We’re natural cheerleaders, but we’ve had to learn commando tactics’
YOU Magazine | 20 Apr 2008
With eight children between them, Georgia Coleridge and Karen Doherty have experienced every family peak and pitfall possible. And now they’ve condensed their knowledge in a new book that divides the parenting world into seven distinct types.
View transcriptI’m sitting at a kitchen table in West London’s Notting Hill talking to the two parenting gurus of the moment. Their children – a total of eight between them – are at school, but there are bikes and scooters in the hallway, two fish tanks on a worktop, and the fridge is covered in magnetic letters, like a hundred thousand other family kitchens around the UK. It’s the home of Karen Doherty, and this table is where she and Georgia Coleridge have spent the past five years writing their book Seven Secrets of Successful Parenting.
Karen, 44, and Georgia, 42, became friends through their offspring. ‘We met in the communal garden that our houses both backed on to,’ explains Karen, who has Californian surfer-girl good looks, matching accent and Juicy Couture tracksuit. ‘Our children would run in and out of each other’s houses,’ adds Georgia, more bohemian in her spotty dress and with the face (in the words of her husband) of a prettier Cherie Blair.
Karen is the partner of Peter Doherty, a financier, and mother of three girls and a boy, aged eight, nine, 11 and 13. Georgia is married to Nicholas Coleridge, writer and managing director of Condé Nast, publisher of glossy magazines such as Vogue and Glamour. They have three boys and a girl, aged nine, 12, 15 and 16.
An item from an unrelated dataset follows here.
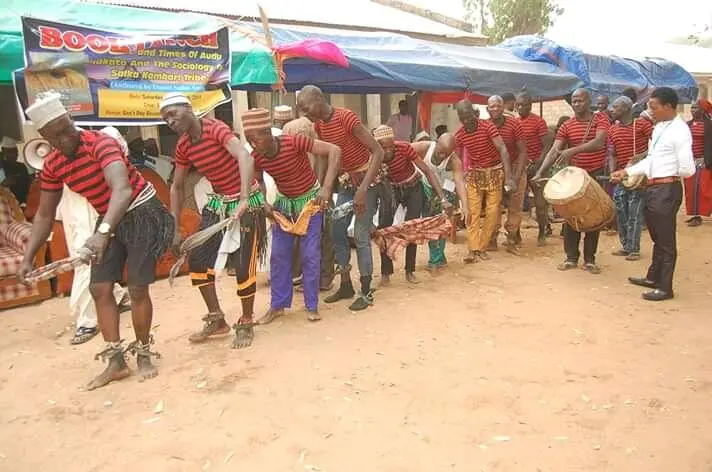 This picture is also about Azagunu dance that circles  the field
Despite being the kind of groomed, confident women who make mothering look easy, both admit to having felt paralysed with fear when they first became parents, and being tested to the limit by their own children’s antics. ‘My youngest son was the naughtiest in his nursery class,’ says Georgia. ‘He got up to endless mischief with Karen’s son, who was his best friend. And two of I’m our daughters were also partners in crime – at the age of five they escaped on to the street through the garden fence.’ Karen, who is forthright and witty, has an MPhil in management from Oxford and was a producer and journalist for American television before she became a full-time mother. Georgia, an Oxford graduate in politics, philosophy and economics, is children’s book editor of the Daily Mail, a reviewer and a spiritual healer. Tiptop academic, journalistic and caring credentials on both sides – but the idea for their book stemmed from their complete lack of confidence at the thought of bringing up children.
‘When I had my first baby,’ says Karen, ‘I was terrified I wouldn’t be able to cope. I’d never changed a nappy, and I was worried that I’d make mistakes and ruin my relationship with her. But then I saw how well a friend of mine dealt with her son when he was rude to his great-grandmother. If I’d behaved that badly as a kid, I’d have been slapped across the face and reminded for months of my insolence,’ she says. ‘So my friend’s sympathetic approach was a revelation. I realised how much I needed to learn, so I started reading lots of parenting books and signed up for classes.’ Georgia remembers feeling a similar sense of panic and bewilderment. ‘I had intended to be Julie Andrews up a mountain with a guitar and permanently happy children,’ she recalls. ‘So it was a terrible shock when mine argued with me, fought with each other and didn’t do what they were told. Whenever there was any sign of trouble, either I panicked and froze or lost my temper.’ They both attribute their lack of instinctive parenting skills to difficult aspects of their own childhoods.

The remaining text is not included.